Classes: Anticonvulsants, Other; Antimigraine Agents

Dosing and uses of Topamax, Trokendi XR Qudexy XR (topiramate)

 

Adult dosage forms and strengths

tablet (Topamax)

  • 25mg
  • 50mg
  • 100mg
  • 200mg

capsule, sprinkle (Topamax Sprinkle)

  • 15mg
  • 25mg

capsule, extended-release

  • 25mg (Trokendi XR, Qudexy XR)
  • 50mg (Trokendi XR, Qudexy XR)
  • 100mg (Trokendi XR, Qudexy XR)
  • 150mg (Qudexy XR)
  • 200mg (Trokendi XR, Qudexy XR)

 

Partial-Onset or Primary Generalized Tonic-Clonic Seizures

Monotherapy

  • Topamax, Topamax Sprinkles: 25 mg PO q12hr initially; may increase by 50 mg/day at weekly intervals to 200 mg PO q12hr
  • Trokendi XR, Qudexy XR: 50 mg PO qDay initially; may increase by 50 mg/day at weekly intervals for first 4 weeks, then 100 mg/day for weeks 5 to 6; target dose is 200-400 mg/day for partial onset seizures and 400 mg/day for generalized seizures

Adjunctive therapy

  • Topamax, Topamax Sprinkles: 25-50 mg/day PO initially; increase by 25-50 mg/day at weekly intervals to 100-200 mg q12hr for partial onset seizures and 200 mg q12hr
  • Trokendi XR, Qudexy XR: 25-50 mg PO qDay initially; increase by 25-50 mg/day at weekly intervals to achieve effective dose; not to exceed 200-400 mg/day

 

Lennox-Gastaut Syndrome

Indicated as adjunctive therapy for seizures associated with Lennox-Gastaut syndrome (LGS)

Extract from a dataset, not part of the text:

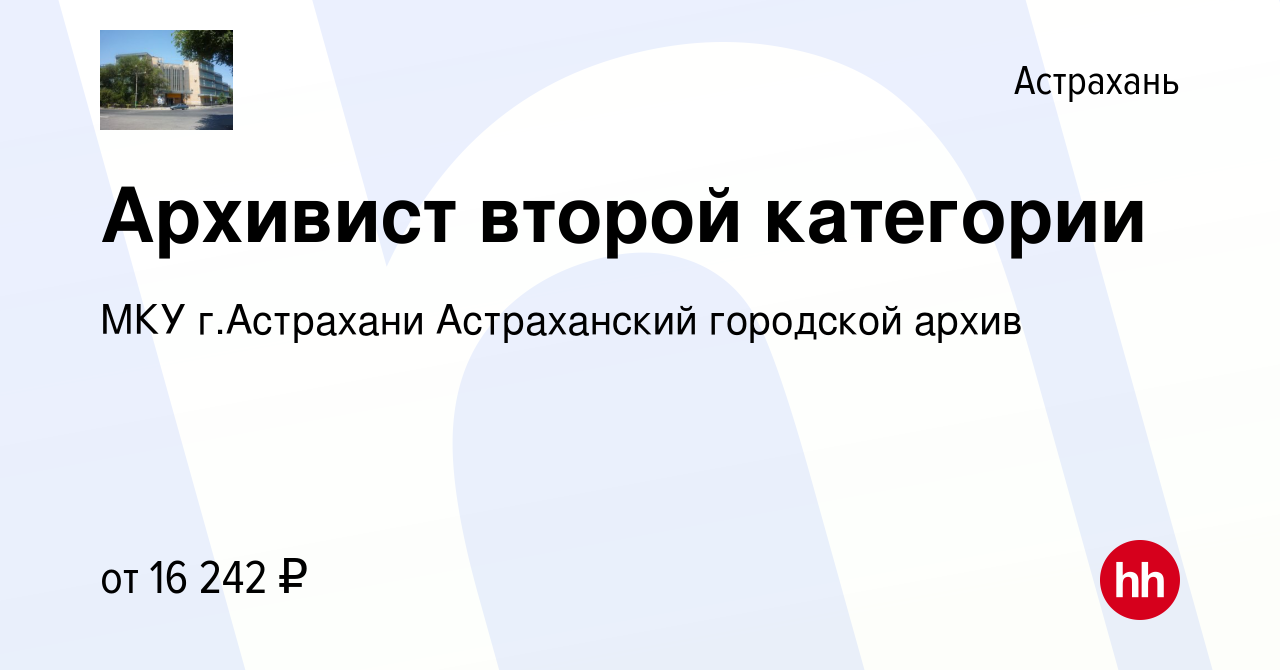 Вакансия Архивист второй категории в Астрахани, работа в компании МКУ  г.Астрахани Астраханский городской архив (вакансия в архиве c 30 июля 2023)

Topamax, Topamax Sprinkles: 25-50 mg/day PO initially; increase by 25-50 mg/day at weekly intervals to 100-200 mg q12hr

Trokendi XR, Qudexy XR: 25-50 mg PO qDay initially; increase by 25-50 mg/day at weekly intervals to achieve effective dose; not to exceed 200-400 mg/day

 

Migraine Headache (Topamax)

Indicated for prophylaxis of migraine headache

Titrate over 4 wk to achieve a dose of 50 mg PO BId

Week 1: 25 mg PO qHs

Week 2: 25 mg PO BId

Week 3: 25 mg PO in the morning and 50 mg Hs

Week 4: 50 mg PO BId

Guide dose/titration rate by clinical outcome; if needed, use longer intervals between dose adjustments

 

Dosage modifications

Renal impairment

  • CrCl <70 mL/min: Reduce dose by 50%
  • Hemodialysis: Cleared by hemodialysis at rate 4-6 times greater than normal; prolonged period of dialysis may decrease topiramate serum concentrations

Hepatic impairment

  • Clearance may decrease; monitor

 

Cluster Headache (Off-label)

Prophylaxis

Initial: 25 mg PO qDay for 7 days

Increase by 25 mg/day every week to no more than 200 mg/day

 

Alcoholism (Off-label)

Initial: 25 mg PO qDay week 1

May increase to maximum 300 mg/day by weeks 5-14; may divide 300 mg dose q8hr (case reports)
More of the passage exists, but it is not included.